Quanto mais tempo passa mais a razão dá razão a ele mesmo, que largou o desabafo talvez num momento de profunda introspecção, mas vá lá a gente saber o que pensa alguém, em especial quem esteja contando com o ovo no cu da galinha da vizinha.

O tempo é grande juiz, conselheiro, professor, congratulo-me por o tempo que tudo esclarece ou enterra me ter dado carradas de razão. Aquilo não era um castelo de cartas nem era nada. Hoje observo as coisas com maior distanciamento e confirmo a justeza das minhas observações e das apreciações e julgamentos que então intui e fiz, e que prematuramente nos levaram de um afastamento progressivo a definitivo.

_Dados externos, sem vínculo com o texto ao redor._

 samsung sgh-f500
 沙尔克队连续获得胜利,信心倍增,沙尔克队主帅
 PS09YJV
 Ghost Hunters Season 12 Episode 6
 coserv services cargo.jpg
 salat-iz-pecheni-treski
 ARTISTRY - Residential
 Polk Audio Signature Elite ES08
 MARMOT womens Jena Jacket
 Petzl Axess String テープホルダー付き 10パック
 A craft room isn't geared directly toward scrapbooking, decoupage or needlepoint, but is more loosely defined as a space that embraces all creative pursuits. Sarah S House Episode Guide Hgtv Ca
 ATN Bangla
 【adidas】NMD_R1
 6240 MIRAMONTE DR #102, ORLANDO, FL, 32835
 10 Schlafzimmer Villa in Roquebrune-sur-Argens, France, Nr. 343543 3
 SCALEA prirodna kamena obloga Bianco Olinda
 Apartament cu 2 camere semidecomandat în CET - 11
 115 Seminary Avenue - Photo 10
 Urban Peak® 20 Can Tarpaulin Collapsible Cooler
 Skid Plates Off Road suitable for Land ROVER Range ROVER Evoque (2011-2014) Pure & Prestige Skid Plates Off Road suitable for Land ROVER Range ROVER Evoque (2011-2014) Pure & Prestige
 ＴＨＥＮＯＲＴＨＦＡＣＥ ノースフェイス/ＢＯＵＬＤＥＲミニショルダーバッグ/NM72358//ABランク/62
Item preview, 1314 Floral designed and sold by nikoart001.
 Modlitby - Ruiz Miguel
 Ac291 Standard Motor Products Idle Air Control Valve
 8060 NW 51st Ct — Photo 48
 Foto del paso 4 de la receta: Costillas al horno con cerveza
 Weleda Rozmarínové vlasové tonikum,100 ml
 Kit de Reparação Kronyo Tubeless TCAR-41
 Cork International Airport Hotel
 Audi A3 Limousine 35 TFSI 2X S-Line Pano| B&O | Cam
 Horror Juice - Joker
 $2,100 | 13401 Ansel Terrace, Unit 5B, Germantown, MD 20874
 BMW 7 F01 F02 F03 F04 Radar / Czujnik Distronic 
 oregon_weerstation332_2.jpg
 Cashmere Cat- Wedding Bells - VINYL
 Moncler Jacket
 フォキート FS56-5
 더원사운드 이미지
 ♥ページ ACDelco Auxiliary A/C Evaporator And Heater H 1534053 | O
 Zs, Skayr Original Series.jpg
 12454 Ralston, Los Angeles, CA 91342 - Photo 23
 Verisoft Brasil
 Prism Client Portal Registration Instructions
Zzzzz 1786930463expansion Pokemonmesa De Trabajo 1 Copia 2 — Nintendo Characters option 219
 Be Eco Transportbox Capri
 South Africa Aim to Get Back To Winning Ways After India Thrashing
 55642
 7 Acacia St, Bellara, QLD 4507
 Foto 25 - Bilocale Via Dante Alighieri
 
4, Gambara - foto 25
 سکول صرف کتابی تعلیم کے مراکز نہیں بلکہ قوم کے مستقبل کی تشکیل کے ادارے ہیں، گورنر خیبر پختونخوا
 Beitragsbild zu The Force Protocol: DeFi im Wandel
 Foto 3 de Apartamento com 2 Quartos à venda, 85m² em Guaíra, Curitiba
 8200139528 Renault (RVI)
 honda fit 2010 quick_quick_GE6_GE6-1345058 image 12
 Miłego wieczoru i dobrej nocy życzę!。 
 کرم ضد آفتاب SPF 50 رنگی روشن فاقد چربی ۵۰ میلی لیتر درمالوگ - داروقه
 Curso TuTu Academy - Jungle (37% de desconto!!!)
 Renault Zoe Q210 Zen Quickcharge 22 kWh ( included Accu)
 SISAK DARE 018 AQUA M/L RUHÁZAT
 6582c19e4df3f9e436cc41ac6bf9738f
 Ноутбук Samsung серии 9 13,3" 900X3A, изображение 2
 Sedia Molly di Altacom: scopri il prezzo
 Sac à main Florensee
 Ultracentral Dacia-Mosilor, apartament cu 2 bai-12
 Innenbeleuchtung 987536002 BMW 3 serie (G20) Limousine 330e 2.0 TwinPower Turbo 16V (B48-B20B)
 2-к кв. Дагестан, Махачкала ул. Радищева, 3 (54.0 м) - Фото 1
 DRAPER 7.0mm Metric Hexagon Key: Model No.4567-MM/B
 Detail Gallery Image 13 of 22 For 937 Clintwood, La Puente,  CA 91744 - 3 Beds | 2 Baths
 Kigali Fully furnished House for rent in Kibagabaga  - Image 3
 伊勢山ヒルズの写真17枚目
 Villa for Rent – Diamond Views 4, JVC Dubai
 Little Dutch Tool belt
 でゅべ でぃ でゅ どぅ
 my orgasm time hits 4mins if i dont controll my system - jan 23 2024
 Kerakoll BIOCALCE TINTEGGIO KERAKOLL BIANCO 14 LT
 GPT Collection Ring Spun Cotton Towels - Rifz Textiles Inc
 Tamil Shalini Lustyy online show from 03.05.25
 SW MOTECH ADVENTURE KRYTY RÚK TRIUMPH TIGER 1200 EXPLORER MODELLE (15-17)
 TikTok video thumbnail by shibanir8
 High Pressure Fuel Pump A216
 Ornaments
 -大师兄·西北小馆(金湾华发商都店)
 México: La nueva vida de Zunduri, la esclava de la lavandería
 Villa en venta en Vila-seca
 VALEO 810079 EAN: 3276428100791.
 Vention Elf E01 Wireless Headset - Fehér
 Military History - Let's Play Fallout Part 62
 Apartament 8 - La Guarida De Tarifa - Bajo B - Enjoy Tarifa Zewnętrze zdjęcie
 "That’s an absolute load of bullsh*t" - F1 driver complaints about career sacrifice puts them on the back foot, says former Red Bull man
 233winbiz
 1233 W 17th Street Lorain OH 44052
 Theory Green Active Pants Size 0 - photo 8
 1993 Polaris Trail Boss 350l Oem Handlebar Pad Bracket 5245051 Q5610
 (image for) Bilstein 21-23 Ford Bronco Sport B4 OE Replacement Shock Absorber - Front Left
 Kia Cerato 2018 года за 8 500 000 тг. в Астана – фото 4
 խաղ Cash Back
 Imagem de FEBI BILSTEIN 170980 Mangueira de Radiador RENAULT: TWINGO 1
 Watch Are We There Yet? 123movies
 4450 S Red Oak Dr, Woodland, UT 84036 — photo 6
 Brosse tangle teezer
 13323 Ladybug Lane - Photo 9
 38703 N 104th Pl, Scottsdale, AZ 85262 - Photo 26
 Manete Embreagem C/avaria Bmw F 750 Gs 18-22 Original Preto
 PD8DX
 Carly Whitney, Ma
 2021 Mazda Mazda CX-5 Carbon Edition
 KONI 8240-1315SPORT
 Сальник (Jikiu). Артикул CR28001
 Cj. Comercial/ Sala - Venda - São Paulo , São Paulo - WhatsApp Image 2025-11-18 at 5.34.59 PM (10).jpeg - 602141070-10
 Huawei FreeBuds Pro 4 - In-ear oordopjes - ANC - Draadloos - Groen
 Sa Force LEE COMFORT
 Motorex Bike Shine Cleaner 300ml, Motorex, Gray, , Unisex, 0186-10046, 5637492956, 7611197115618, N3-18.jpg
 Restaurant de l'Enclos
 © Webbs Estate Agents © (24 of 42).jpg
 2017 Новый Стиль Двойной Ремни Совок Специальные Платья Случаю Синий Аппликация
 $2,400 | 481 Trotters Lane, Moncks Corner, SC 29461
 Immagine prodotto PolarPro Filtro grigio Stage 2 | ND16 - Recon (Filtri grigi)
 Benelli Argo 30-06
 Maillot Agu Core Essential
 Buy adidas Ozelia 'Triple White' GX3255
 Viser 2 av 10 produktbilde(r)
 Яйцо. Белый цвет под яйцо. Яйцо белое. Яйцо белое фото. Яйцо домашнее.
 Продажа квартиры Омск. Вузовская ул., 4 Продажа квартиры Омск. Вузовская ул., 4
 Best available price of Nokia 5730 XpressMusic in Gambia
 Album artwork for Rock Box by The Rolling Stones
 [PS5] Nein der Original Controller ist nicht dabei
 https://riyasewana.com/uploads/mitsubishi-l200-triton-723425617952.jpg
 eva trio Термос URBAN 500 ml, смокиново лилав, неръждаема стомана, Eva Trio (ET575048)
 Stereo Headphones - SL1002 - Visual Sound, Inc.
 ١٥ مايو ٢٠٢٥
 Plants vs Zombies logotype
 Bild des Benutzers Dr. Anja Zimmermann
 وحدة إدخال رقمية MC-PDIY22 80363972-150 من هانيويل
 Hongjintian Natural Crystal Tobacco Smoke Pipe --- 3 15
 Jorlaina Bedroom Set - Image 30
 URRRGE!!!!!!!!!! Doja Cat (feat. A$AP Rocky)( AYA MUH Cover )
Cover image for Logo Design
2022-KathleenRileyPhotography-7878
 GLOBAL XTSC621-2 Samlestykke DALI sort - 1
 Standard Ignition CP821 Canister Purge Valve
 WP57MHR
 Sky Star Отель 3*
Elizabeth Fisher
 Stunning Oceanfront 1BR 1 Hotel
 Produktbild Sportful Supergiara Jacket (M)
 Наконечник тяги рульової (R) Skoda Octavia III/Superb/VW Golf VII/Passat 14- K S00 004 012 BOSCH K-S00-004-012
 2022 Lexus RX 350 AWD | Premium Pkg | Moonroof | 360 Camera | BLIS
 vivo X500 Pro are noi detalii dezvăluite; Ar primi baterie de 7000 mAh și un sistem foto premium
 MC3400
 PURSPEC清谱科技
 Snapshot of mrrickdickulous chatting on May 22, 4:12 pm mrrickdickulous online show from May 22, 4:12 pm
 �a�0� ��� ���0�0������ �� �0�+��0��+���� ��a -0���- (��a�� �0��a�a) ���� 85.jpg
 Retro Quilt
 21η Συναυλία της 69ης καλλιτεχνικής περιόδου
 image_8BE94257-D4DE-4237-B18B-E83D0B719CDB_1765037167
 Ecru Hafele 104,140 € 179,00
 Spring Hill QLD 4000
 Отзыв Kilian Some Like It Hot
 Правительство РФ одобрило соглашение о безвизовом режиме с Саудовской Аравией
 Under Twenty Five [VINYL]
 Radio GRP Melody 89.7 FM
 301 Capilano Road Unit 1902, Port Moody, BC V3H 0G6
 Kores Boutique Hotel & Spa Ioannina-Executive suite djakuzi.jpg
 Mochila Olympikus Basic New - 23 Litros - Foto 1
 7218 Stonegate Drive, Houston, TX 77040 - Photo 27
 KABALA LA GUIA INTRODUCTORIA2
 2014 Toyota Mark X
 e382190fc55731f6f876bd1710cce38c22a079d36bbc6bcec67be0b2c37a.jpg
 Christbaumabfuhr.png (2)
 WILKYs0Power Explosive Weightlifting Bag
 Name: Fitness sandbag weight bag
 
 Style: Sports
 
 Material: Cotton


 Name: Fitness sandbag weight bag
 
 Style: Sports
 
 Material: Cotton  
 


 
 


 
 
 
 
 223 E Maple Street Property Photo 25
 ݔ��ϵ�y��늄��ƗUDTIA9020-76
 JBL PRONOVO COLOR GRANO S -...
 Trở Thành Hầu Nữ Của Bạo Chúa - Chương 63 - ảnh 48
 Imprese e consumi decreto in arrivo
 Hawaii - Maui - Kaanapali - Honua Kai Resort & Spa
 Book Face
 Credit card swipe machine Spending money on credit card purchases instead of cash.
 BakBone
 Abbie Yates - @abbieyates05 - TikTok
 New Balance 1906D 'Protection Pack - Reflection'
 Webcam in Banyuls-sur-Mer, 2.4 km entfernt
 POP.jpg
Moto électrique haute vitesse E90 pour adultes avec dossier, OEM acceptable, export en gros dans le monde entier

O senhor doutor e os que o rodearam só pensaram neles e exclusivamente neles. Não havia um plano, um projecto, uma ideia, não havia coesão, solidariedade, amizade. Havia decididamente um grupo de interesses e de interesseiros que monopolizava e manipulava os demais. Era tamanha a vontade de fazer prevalecer os desejos de alguns, tão fundo o fosso cavado, a desestruturação provocada que o disfuncionamento criado ganhou tal dimensão e modo que a união primitiva, inicial, um fenómeno social quando visto a esta distancia, não se repetirá nos próximos vinte ou trinta anos, que serão passados a patinar, patinar até que a geração que viveu a coisa esqueça os protagonistas e a grosseria e desconsideração para com esta cidade.

Quanto ao senhor doutor ninguém sabe dele, foi tanta a burrice feita que é suposto ter vergonha de aparecer. Para ser franco nem sei como a coisa aguentou tanto tempo. Bem, na verdade não aguentou, não aguentou mas deixou mossa, deixou mossa e cavou uma desunião muito funda e uma desilusão ainda maior.

Não, as pessoas ali não são números, senti que não eram números, eram pretexto, eram meio para que alguém alcançasse alguma coisa, mas não minha gente, não se iludam, ali as pessoas não contam, estou cada vez mais certo de nunca terem contado.

Ali as pessoas não são números, são algarismos… Verdadinha.